--- Listed records ---

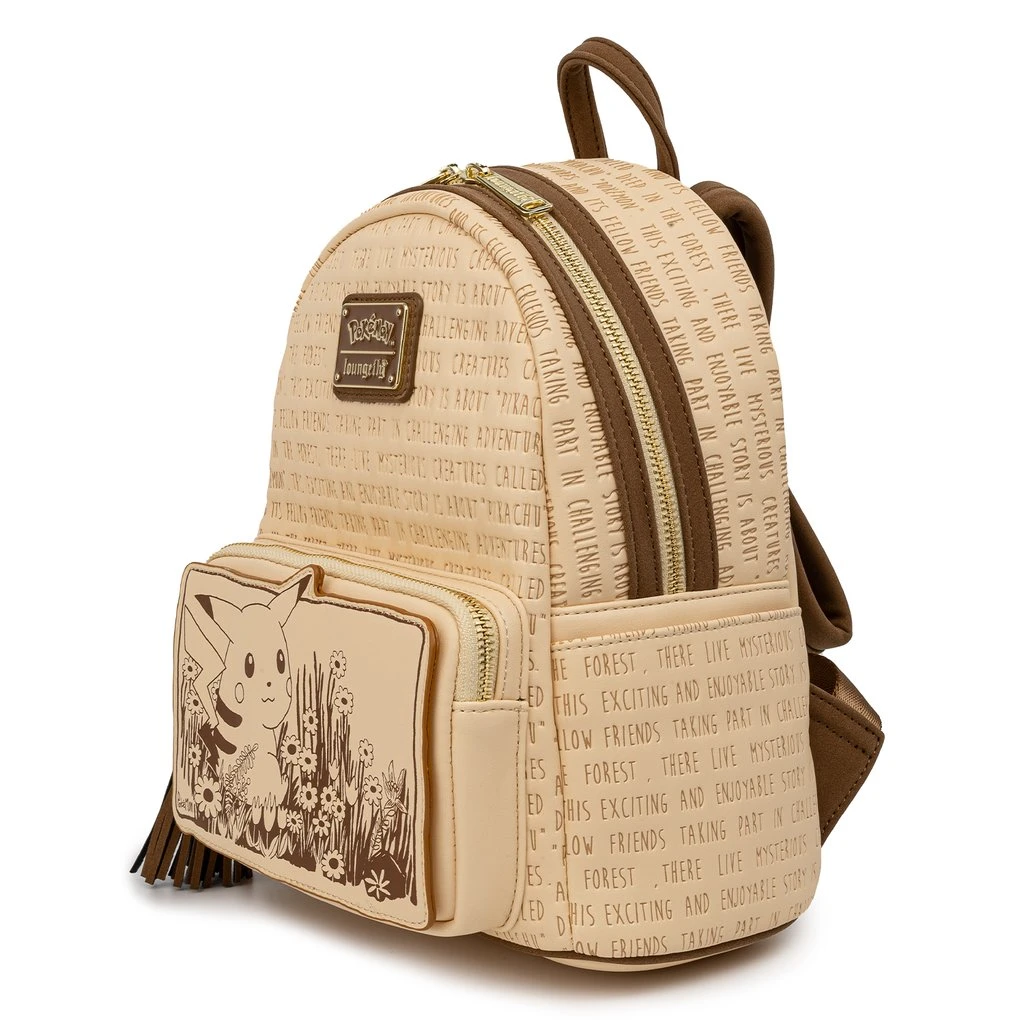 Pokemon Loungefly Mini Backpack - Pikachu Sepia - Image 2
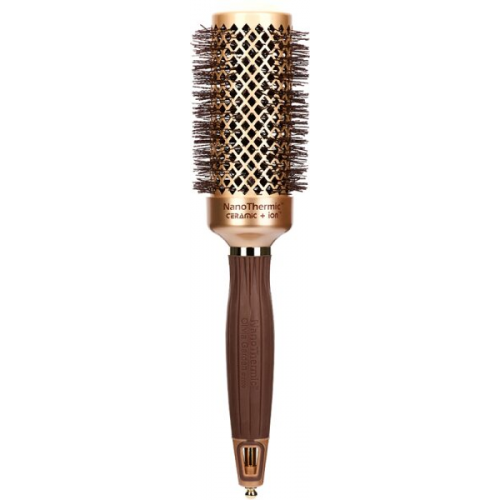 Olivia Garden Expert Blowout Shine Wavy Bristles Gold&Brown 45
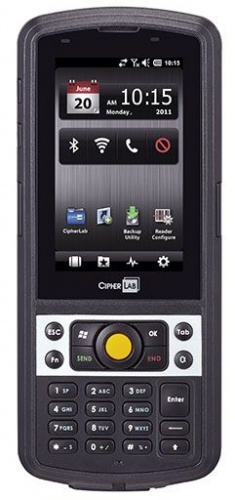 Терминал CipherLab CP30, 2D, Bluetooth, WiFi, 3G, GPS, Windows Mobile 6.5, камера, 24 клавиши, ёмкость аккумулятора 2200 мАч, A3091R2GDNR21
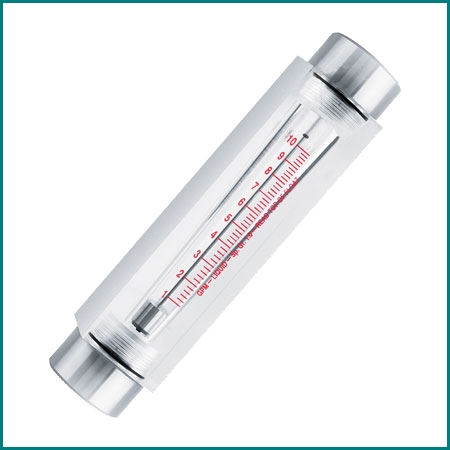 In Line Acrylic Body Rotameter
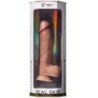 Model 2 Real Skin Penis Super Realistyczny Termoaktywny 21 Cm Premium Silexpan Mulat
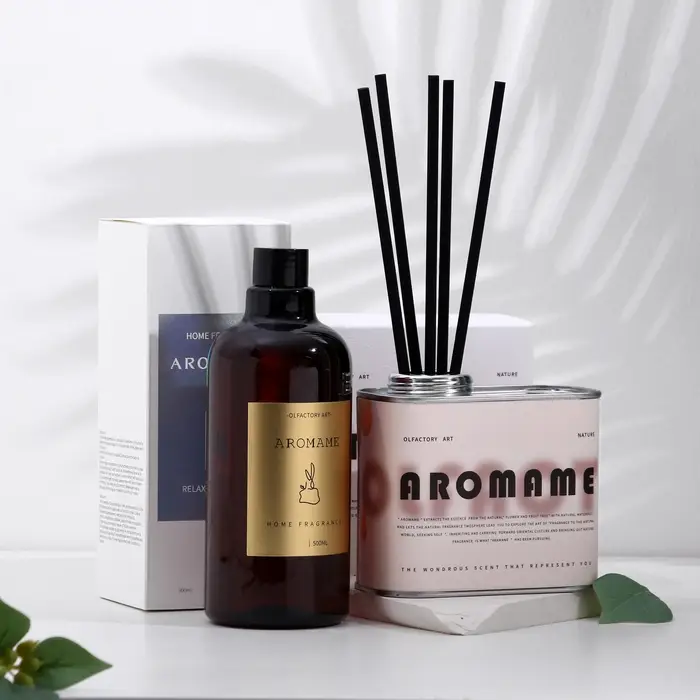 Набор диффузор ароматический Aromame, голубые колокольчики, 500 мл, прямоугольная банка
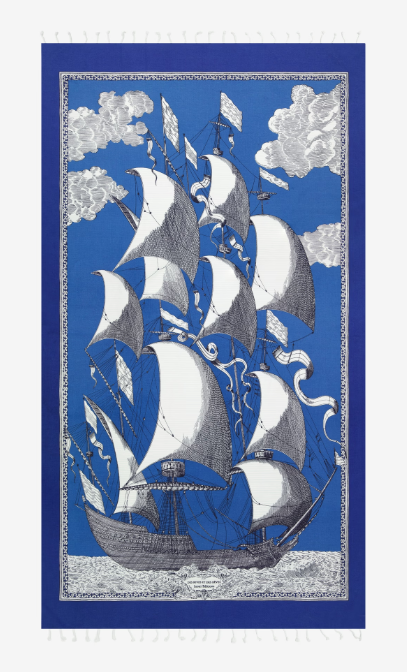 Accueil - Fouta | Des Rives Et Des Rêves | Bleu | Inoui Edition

---
--- Listed records ---

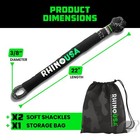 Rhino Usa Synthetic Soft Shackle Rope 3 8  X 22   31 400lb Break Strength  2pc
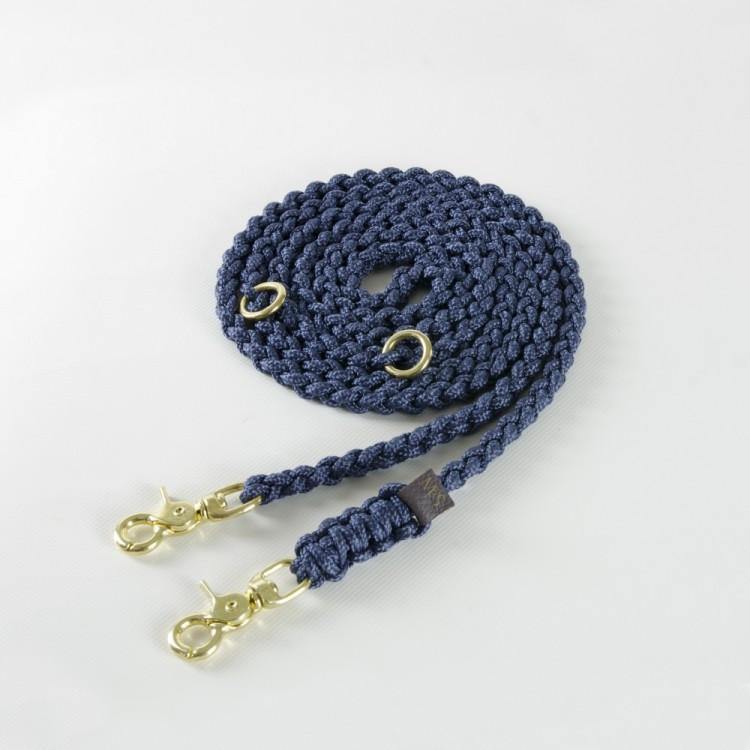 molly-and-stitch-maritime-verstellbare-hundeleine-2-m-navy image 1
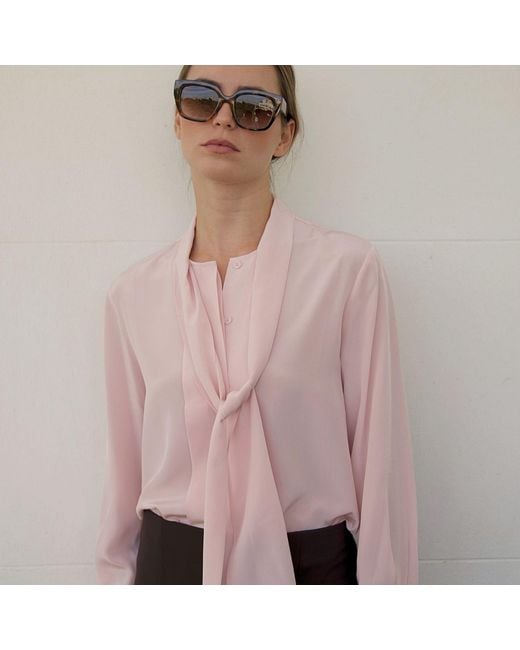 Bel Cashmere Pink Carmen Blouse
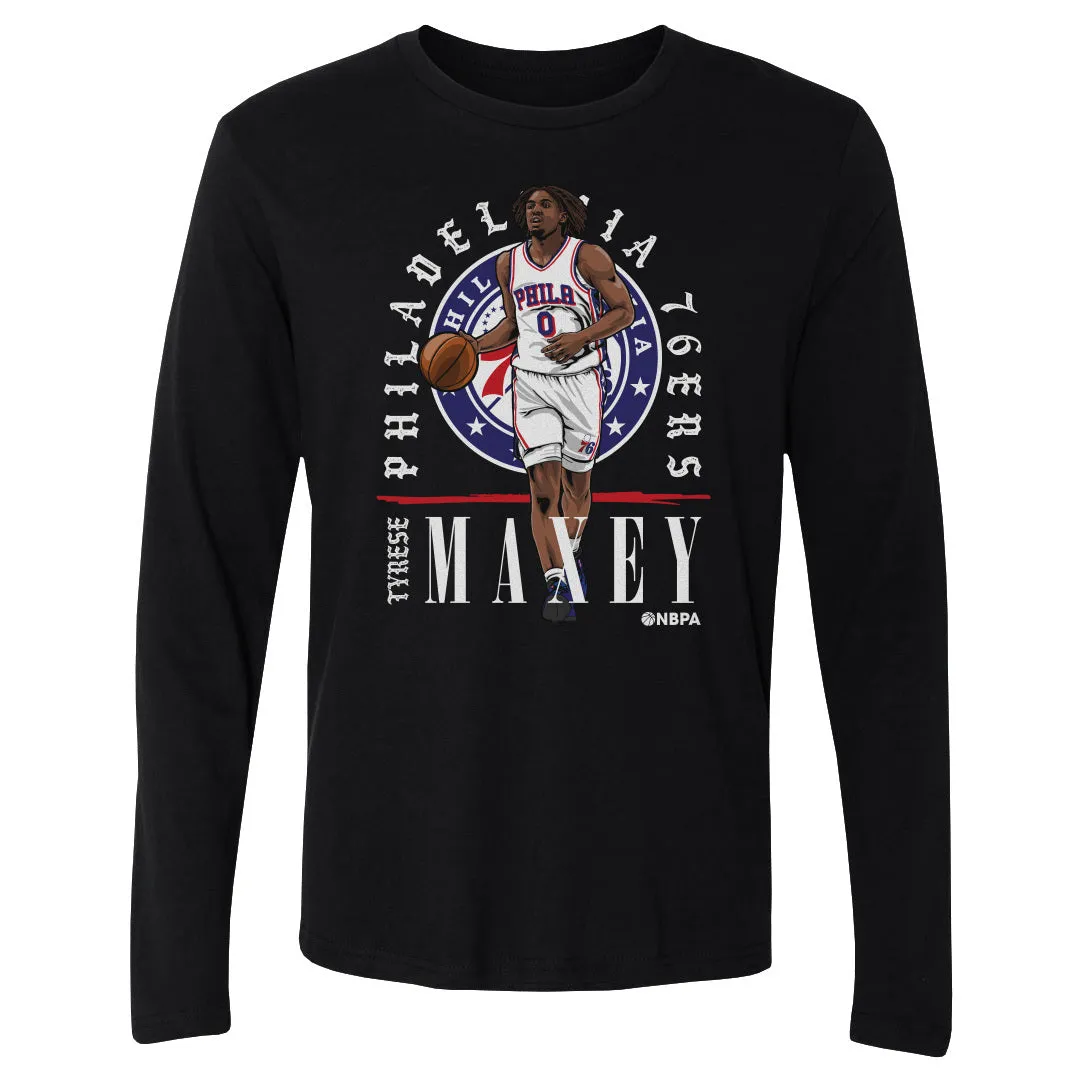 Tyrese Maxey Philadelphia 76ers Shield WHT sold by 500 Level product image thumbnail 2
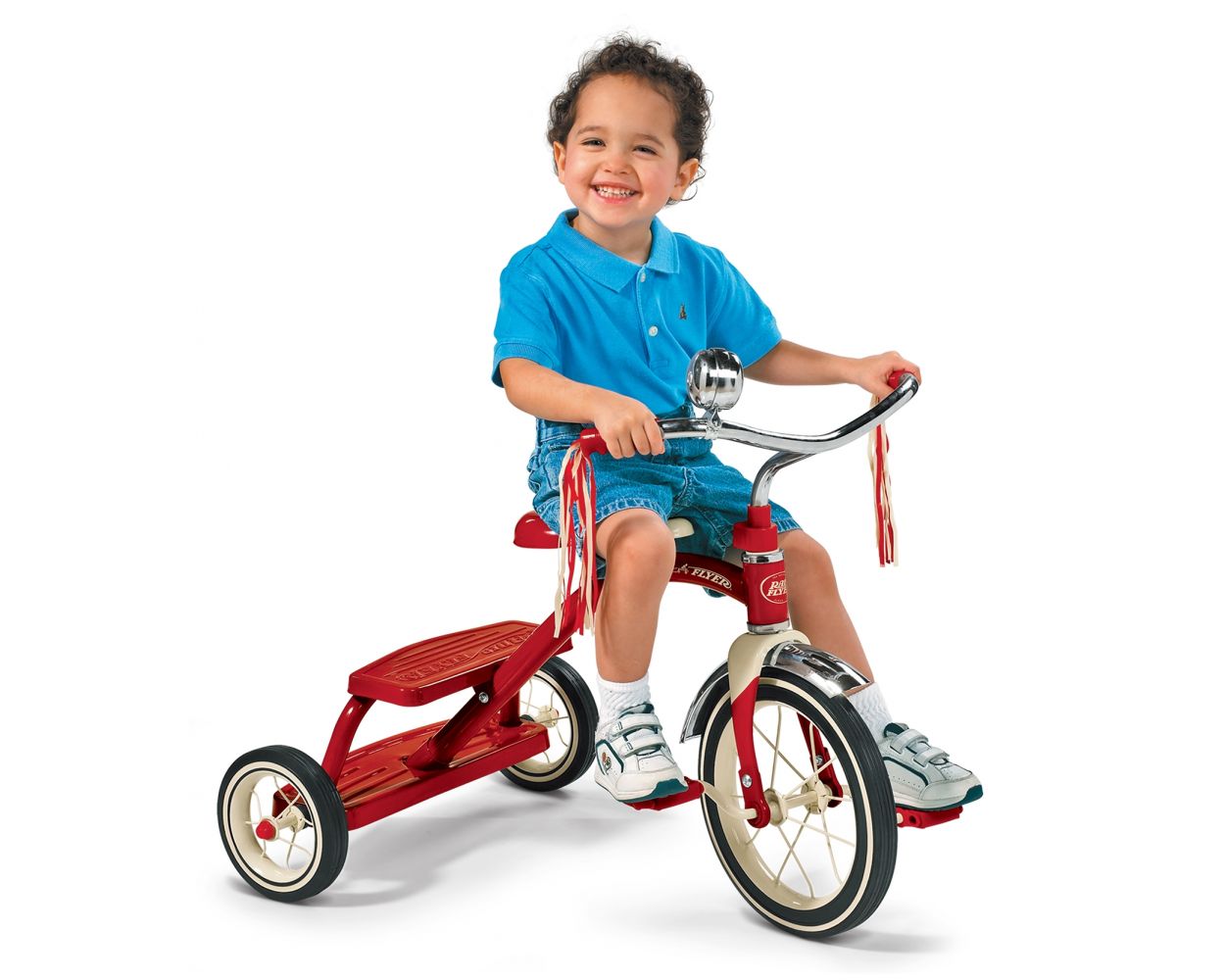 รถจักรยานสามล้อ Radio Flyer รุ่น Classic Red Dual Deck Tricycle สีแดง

---
--- Listed records ---

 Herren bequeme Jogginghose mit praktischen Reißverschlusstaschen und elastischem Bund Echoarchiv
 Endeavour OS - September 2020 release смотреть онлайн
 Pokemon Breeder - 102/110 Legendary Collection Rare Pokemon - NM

---

# Problem details:
Copy only what lies between the line with "Pokemon Loungefly Mini" and the line with "Accueil - Fouta", those two lines included, exactly as given above; pictures stay out.

# The answer:
 Pokemon Loungefly Mini Backpack - Pikachu Sepia - Image 2
 Olivia Garden Expert Blowout Shine Wavy Bristles Gold&Brown 45
 Терминал CipherLab CP30, 2D, Bluetooth, WiFi, 3G, GPS, Windows Mobile 6.5, камера, 24 клавиши, ёмкость аккумулятора 2200 мАч, A3091R2GDNR21
 In Line Acrylic Body Rotameter
 Model 2 Real Skin Penis Super Realistyczny Termoaktywny 21 Cm Premium Silexpan Mulat
 Набор диффузор ароматический Aromame, голубые колокольчики, 500 мл, прямоугольная банка
 Accueil - Fouta | Des Rives Et Des Rêves | Bleu | Inoui Edition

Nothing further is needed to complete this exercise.